FMCSA gives a concrete example: a 50-pound flat-screen television covered at this level obligates the mover to pay only $30, because the calculation is weight times 60 cents, not the value of the screen. The higher level, Full Value Protection, covers the replacement value of the item. Because the coverage level changes what a successful claim is worth, it is worth knowing which one applies to your shipment before you file. The mechanics of those two coverage levels are explained in our separate guide on mover liability.
One important limit: a claim is not the same as a complaint. Filing a claim asks the mover to pay you for specific lost or damaged goods. Reporting a company to a regulator is a different process with a different purpose, covered in our guide on filing a complaint against a moving company.
Documenting Damage or Loss
Your claim is only as strong as the record behind it, and the best record starts on delivery day. When the movers unload, check your belongings against the inventory list the crew prepared at pickup. If something is missing, damaged, or showing up in worse condition than it left, note it on the delivery receipt or inventory before you sign. Get the driver to acknowledge the exception in writing where possible.
Be aware of a subtle but important point in the federal rules: notations of shortage or damage on a delivery receipt, freight bill, or inspection report do not, by themselves, count as a filed claim. They are valuable evidence, but writing “dresser scratched” on the inventory sheet is not the same as filing. You still have to submit a proper written claim, described in the next section. Treat your delivery-day notes as the foundation, not the finished claim.
Build the rest of your documentation as soon as you discover a problem:
- Photograph everything. Take clear, dated photos of each damaged item and, where it helps, the packing or carton it came in.
- Keep the paperwork. Hold on to your bill of lading, the inventory list, the estimate, and any delivery receipts. These identify the shipment and establish what was moved.
- List what is missing. For lost items, write down a description of each one and, where you can, what it would cost to replace it.
- Do not throw damaged items away. The mover may want to inspect them, and in some cases it may handle them as salvage.
- Note the delivery date. Your filing deadline is measured from the day the goods were delivered, so record it.
The goal is to have enough on hand to identify the shipment, show what was damaged or lost, and support the dollar amount you are claiming.
The Filing Process and Deadline
To file, request a claim form from the moving company. Complete it as fully as you can, and the mover will tell you where to send it. A claim form is the simplest route, but federal rules do not require you to use the company’s form. What the rules do require is that the claim be in writing and that it be filed within nine months of the delivery date.

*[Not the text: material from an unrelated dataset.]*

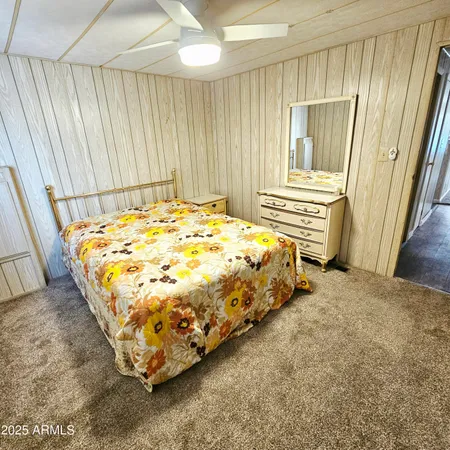 $171,500 | 5512 East Arbor Avenue, Mesa, AZ 85206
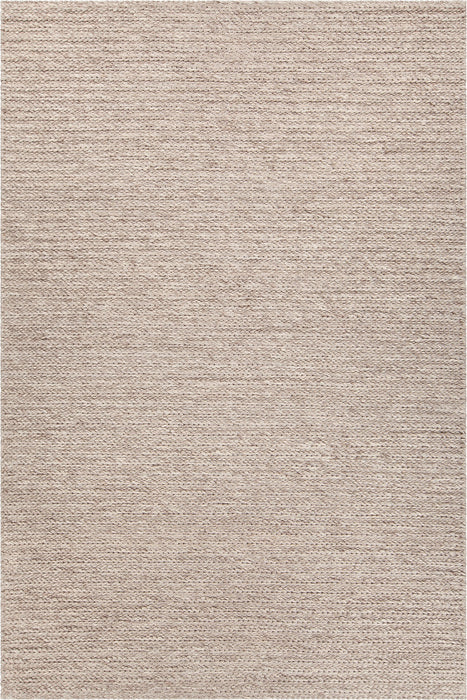 Polyester 55903 Area Rug Textured 1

Whether you use the mover’s form or your own written communication, a proper claim must do three things to satisfy the federal minimum: it must contain enough facts to identify the shipment, it must assert that the carrier is liable for the loss or damage, and it must claim payment of a specified or determinable amount of money. A vague note that something got broken will not meet that standard. If you are not certain of the exact dollar figure, you can present the claim for an amount that is determinable, and the carrier is expected to investigate the condition of the goods to work out the extent of the loss it may be responsible for.
The nine-month deadline is the part people most often miss. It runs from the date of delivery, not the date you discovered the damage or the date you got around to filing. File in writing well before that window closes, and keep proof of when and how you sent the claim, such as a dated email or certified mail receipt. If your move was intrastate (entirely within one state), the federal nine-month rule may not apply; check your state’s requirements, which can differ.
What the Mover Must Do
Once you file a proper written claim, the moving company is not free to ignore it. Federal rules set two firm timelines for an interstate carrier’s response.
First, the mover must acknowledge receipt of your claim in writing within 30 days of getting it, unless it has already paid or declined the claim in writing within those 30 days. That acknowledgment confirms the company has your claim and the clock is running.
Second, the mover must pay the claim, decline it, or make a firm written settlement offer within 120 days of receiving it. If the company cannot finish processing the claim within 120 days, it does not get to go silent: it must tell you in writing why, and then update you in writing on the status of the claim every 60 days until it is resolved.
When a mover does settle a loss-or-damage claim, federal guidance says it uses the replacement cost of the item as the starting point and then applies a depreciation factor to reach the item’s current actual value. In plain terms, an older item is usually valued at less than what a brand-new replacement would cost. How much you ultimately receive still depends on the liability level you selected, as described earlier.
If Your Claim Is Denied
A denial or a low offer is not necessarily the end of the road. Start by reading the mover’s written response closely. It should explain the reasoning, and that reasoning tells you what to address. Common sticking points include disputes over whether the damage existed before the move, gaps in documentation, or a payout limited by the 60-cents-per-pound coverage level.
If you believe the decision is wrong, respond in writing with any additional evidence: the delivery-day exception notes, photographs, the inventory list, and anything showing the item’s condition or value. A clear, organized paper trail is your strongest argument. Keep copies of every message in both directions.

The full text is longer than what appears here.